Kuzey Afrika’daki eski sömürgeci ülkelerden biri olan Fransa’nın Libya’da Hafter güçlerini desteklediği biliniyor. Libya, Fansa için ucuz ve kolay ulaşılabilir bir enerji ülkesi olmanın ötesinde Akdeniz üzerinden Afrika’ya açılan önemli bir kapı olarak da önem taşıyor. Fransa, Sahel olarak adlandırılan ve Sahra kuşağının güneyinde kalan Moritanya, Mali, Nijer, Çad ve Sudan hattında etkisini sürdüren bir emperyalist güç olmaya devam ediyor. Bu nedenle Libya ve burada Hafter’le sürdürdüğü iş birliği Fransa için bu bölgede kendi çıkarları için bir tehdit olarak gördüğü radikal İslamcı gruplarla mücadele bakımından da önem taşıyor -ki, Fransa zaten 2016’dan bu yana bu gruplara karşı Hafter güçleriyle iş birliği ve ortak operasyonlar yapıyor.

Fransa, aynı zamanda enerji tekeli Total üzerinden Güney Kıbrıs yönetimiyle yaptığı anlaşmalara bağlı olarak da Doğu Akdeniz’deki enerji arama, çıkarma ve geçiş yollarının denetimi mücadelesinde öne çıkıyor.
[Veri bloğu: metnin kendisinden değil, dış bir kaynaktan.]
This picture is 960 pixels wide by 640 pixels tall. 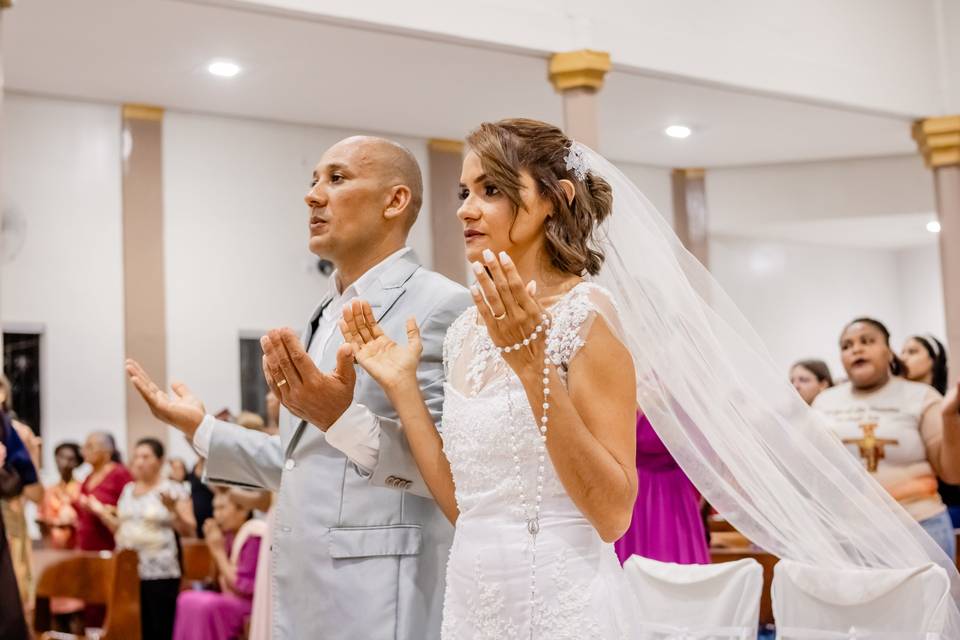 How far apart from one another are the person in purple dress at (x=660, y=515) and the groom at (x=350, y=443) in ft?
5.85

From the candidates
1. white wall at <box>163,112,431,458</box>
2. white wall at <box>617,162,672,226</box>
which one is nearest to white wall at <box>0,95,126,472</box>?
white wall at <box>163,112,431,458</box>

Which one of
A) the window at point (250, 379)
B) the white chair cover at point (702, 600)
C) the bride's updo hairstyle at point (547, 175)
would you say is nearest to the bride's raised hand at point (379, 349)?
the bride's updo hairstyle at point (547, 175)

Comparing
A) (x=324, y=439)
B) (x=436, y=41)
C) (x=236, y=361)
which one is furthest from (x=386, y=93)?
(x=324, y=439)

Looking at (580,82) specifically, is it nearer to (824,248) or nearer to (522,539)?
(522,539)

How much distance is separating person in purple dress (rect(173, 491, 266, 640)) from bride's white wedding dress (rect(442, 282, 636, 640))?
3795mm

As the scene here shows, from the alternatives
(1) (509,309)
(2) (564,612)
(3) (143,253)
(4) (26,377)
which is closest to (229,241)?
(3) (143,253)

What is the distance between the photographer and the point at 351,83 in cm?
991

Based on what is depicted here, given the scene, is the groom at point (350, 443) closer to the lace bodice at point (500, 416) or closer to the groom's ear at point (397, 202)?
the groom's ear at point (397, 202)

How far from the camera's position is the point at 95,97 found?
403 inches

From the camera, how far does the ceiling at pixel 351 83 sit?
8438 mm

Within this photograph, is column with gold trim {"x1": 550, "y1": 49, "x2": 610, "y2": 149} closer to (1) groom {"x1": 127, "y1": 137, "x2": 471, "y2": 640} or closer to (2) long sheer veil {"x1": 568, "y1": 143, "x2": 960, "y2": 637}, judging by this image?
(1) groom {"x1": 127, "y1": 137, "x2": 471, "y2": 640}

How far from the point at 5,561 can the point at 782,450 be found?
111 inches

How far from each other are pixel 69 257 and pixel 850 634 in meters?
8.36

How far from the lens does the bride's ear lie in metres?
2.60
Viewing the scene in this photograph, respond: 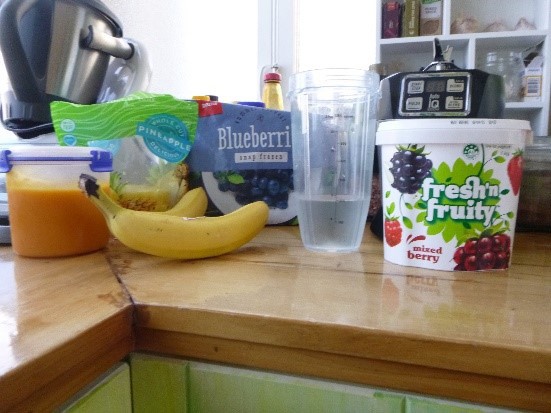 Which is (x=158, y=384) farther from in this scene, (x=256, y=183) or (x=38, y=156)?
(x=256, y=183)

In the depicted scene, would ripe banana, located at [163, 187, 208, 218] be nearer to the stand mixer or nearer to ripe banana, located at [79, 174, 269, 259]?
ripe banana, located at [79, 174, 269, 259]

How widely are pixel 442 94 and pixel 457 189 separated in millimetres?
150

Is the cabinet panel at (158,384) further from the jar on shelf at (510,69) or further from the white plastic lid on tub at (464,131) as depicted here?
the jar on shelf at (510,69)

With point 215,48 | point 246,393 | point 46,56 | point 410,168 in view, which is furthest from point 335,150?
point 215,48

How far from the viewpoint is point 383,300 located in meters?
0.42

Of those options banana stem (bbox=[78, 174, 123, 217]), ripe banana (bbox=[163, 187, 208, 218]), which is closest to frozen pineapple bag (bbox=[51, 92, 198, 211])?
ripe banana (bbox=[163, 187, 208, 218])

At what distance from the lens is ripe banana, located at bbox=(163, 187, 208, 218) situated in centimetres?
72

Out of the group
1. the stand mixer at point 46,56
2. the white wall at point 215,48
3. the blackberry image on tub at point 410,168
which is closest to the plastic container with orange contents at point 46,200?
the stand mixer at point 46,56

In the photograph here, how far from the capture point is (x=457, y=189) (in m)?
0.51

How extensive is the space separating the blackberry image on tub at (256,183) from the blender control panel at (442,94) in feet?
0.88

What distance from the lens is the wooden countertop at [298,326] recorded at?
33cm

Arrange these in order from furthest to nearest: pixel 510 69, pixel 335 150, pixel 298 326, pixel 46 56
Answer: pixel 510 69 < pixel 46 56 < pixel 335 150 < pixel 298 326

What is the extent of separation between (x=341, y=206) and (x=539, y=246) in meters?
0.29

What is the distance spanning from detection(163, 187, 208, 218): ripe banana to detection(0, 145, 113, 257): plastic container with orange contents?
0.14 meters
Bu temelde Libya ve Doğu Akdeniz’de çıkar çatışması yaşadığı Türkiye’deki iktidar ile de ciddi bir gerilim içinde bulunuyor.

Macron’un geçen sene söylediği “Avrupa, Ortadoğu’da ‘küçük hissedar’ olmaya devam edemez” sözleri, aslında son dönemdeki bu girişimlerin arka planındaki gerçeği de bütün açıklığı ile ortaya koyuyor.

Bölgede önemli oranda devam eden egemenliğini kaybetmek istemeyen ABD’nin girişim ve planlarını İran’ı kuşatmak ve Rusya’nın ilerleyişini durdurmak biçiminde özetlemek mümkün.

Bu plan, Suriye’de Kürtlerle olan iş birliği üzerinden burada kendisini zayıflatacak bir çözümü engellemeye yönelik girişimler üzerinden işliyor.

Ama asıl önemlisi, ABD kendi stratejisinin başarısı için iş birlikçi Arap rejimleri ve İsrail arasında ilişki-iş birliğini geliştirmek ve bu temelde Filistin sorununu bunun önünde bir engel olmaktan çıkarmak istiyor. Trump’ın damadı ve Danışmanı Kushner ve Dışişleri Bakanı Pompeo, bu planı uygulamaya koyabilmek için ağustos ayı boyunca birçok bölge ülkesine ziyaretler gerçekleştirdiler. Birleşik Arap Emirlikleri ve İsrail arasında ‘Normalleşme’ konusunda varılan anlaşma bu girişim bakımından büyük önem taşıyor. BAE’yi Bahreyn, Umman ve S. Arabistan’ın takip etmesi bekleniyor.

Hatırlanırsa Trump ve İsrail Başbakanı Netanyahu ocak ayında “yüzyılın anlaşması” adı altında Filistin’i sembolik bir devletçik olarak tanıyan bir “barış planı” açıklamış ve bu açıklamaya BAE, Bahreyn ve Umman büyükelçileri katılmıştı.

Aslında bu planın temelleri Trump’ın 2017’de S. Arabistan Kralı Selman’ı ziyaret etmesi ve 350 milyar dolarlık silah-askeri iş birliği anlaşması yapmasıyla atılmıştı. Bu plana göre körfezdeki Arap Sünni rejimler S. Arabistan ve BAE etrafında İran’a karşı bir blok olarak örgütlenecek ve İsrail ile iş birliği yapmalarının önündeki engeller kaldırılacaktı.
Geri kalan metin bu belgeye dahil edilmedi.